Jul. 26 2011 01:22 AM
Peter from Aus

When i was a kid I liked 3, I think its a good honest number one u can trust. U gotta love 331/3.
As a teenager Id would have said u cant go past root2
but now as an adult Id say sqrt -1 is way cool

Jul. 25 2011 06:09 AM

5 is my cosmic number -ones birth date added together, I had a dressy rugby shirt with a big 5 on the back before I new it was "my number".
Purposes of numbers go back to meaning, like AGE! [teen=puberty] an ultra human reality. Also measurement, like where your 2 feet have to go [or shouldn't...quantifying, like the reflection of price[#'s]]; or TIME, 1849 -the 49ers-lat38- the steam engine/potato famine... But if ambiguos conspiracy "adds up" the quantification is shifting the decimal point [onpoint or cryptic diameters] sheep-herding an obsessed collie dog cloaking 1 nation [under dog] on-track, trinity of sanity... endo 1000 points of rules-let or compass [vortex?lol] 180 of culture. or breathing-mindlessly [yoga 1,2,3'1,2,3], 0r rounding off [.007] too' the blissful zero -concealed justice above the hoard of greed [$.99? let's hoard!] plus taX or after seX? is Algebra of ambiguity ok? fore[score] justice may be periferial 180 truth or 0... Calculating trajectories [7, 8, 9],,,, yet branding history whilst innocent denoMINators fears the math will reveal subliminal justice inn the contradictory numerator through depths Mark Twain nominally tempered by simply saying it was cold [here sheep er wolf?!: downey spaceship] Geometry can center X truth FilED... but Geography [geology/%/history] is a "vortegen"[?] of youth Positive or Negative and that 'brand' may be counted== ambivelent of the denominator, like a color in a prism to culture-blind depth... Da Vinci's reflection read... or blue, the traffic lights of engine engine number 9,,, or poetry in a molecular paradigm.
Not to gamble, but what if your # is 1,000,000 miles or kms away? would 13 be too soon? .007%. 2B prime>

Jul. 25 2011 03:23 AM
joey

8 is my favorite number. it always seems to come to my mind first naturally. First thing to pop into my head. Never fails. 8.

Jul. 24 2011 10:44 PM

17 for me, the ID number on the QA stamp issued to me 42 years ago.

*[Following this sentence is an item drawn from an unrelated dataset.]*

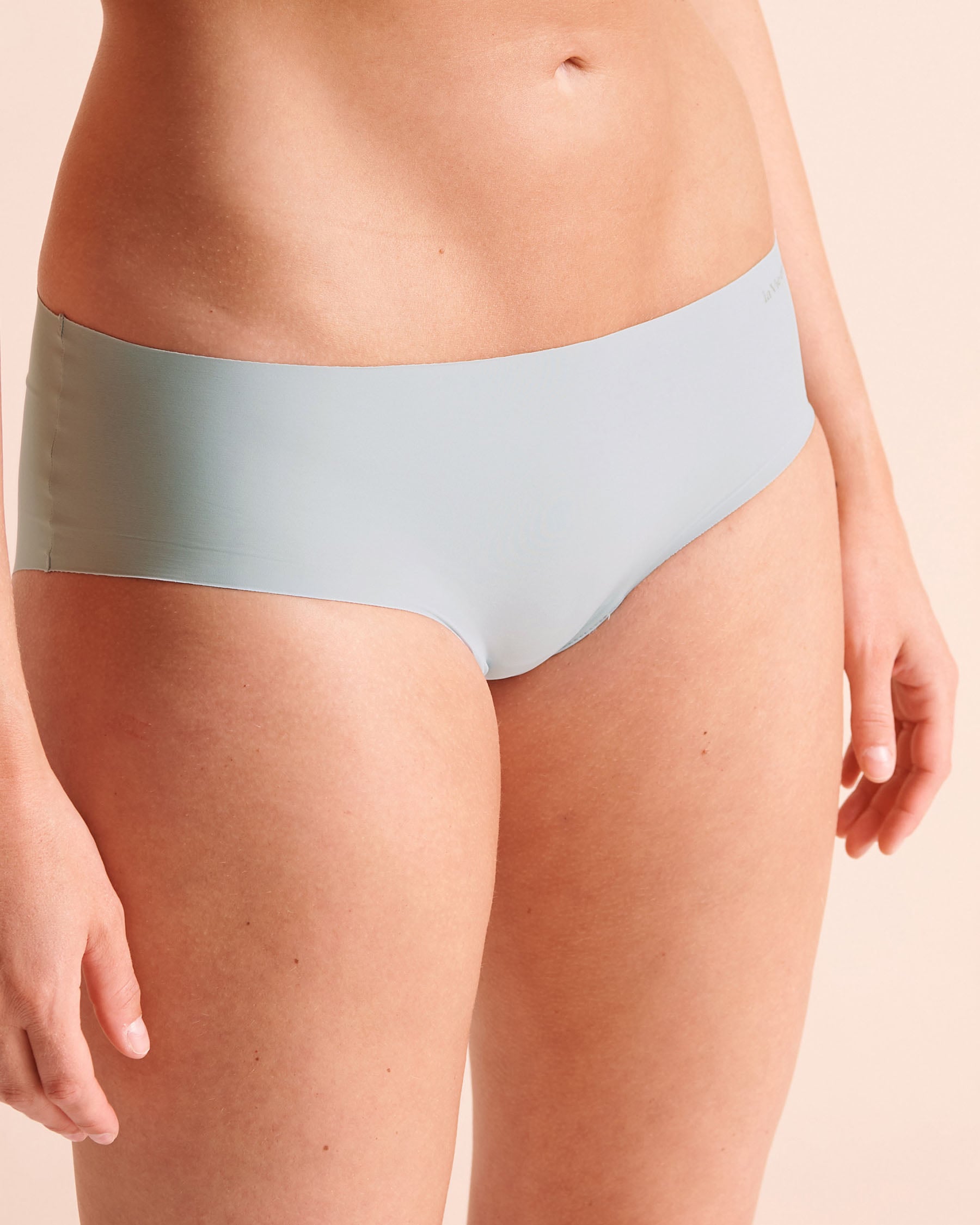 LA VIE EN ROSE Culotte aux hanches microfibre invisible Bleu céleste 20200858 - Voir1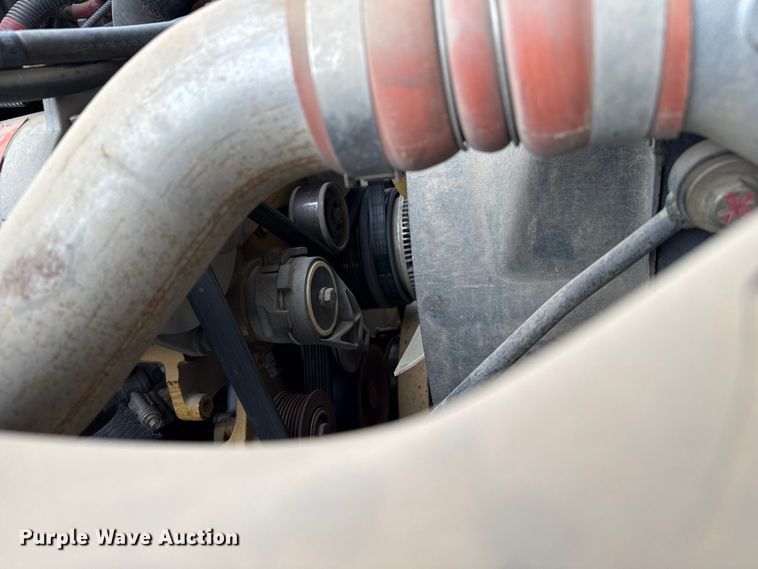 image for item EP0850 2006 Blue Bird school bus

The start of an eventful career in Aerospace Engineering. I've had other numbers since then, but BHW 17 is the only one that felt a real affinity for.

Jul. 24 2011 09:41 PM
George Woodrow III from USA

My favorite number is Pi, followed by i.

Nothing in the survey specified that the number had to be a natural number.

Of course, e to the power i * P1 Plus 1 = 0, so there is an integer involved.

Jul. 24 2011 06:27 PM
Jesse from New Hampshire

13. Mother's birthday, First date with my wife, and number of years we've been married. That and I like going against superstition. I even own a black cat.

Jul. 24 2011 05:03 PM
Erika from Los Angeles

I also have this strange attraction to numbers and how I use them to interact with people. I'm not a math enthusiast but for example I find myself always asking peoples favorite numbers and I've deducted more from that and the person than what he or she is actually wearing.

Jul. 24 2011 12:32 PM

Nice praise for 9 but it just doesn't have the symmetry of 8 or the majesty of infinity when turned sideways. And, there is no great novel called Nine, but there is a totally terrific book called Eight! Can you tell that I love 8?

Jul. 23 2011 10:36 PM
Morgan from Cambridge

9 is also my favorite. I like it because it feels like the cool, older sister of 1-10 numbers. 9 is mature without being as straight laced as ten. 9 is the first odd number that isn't prime. She's odd in her free time but still keeps her day job.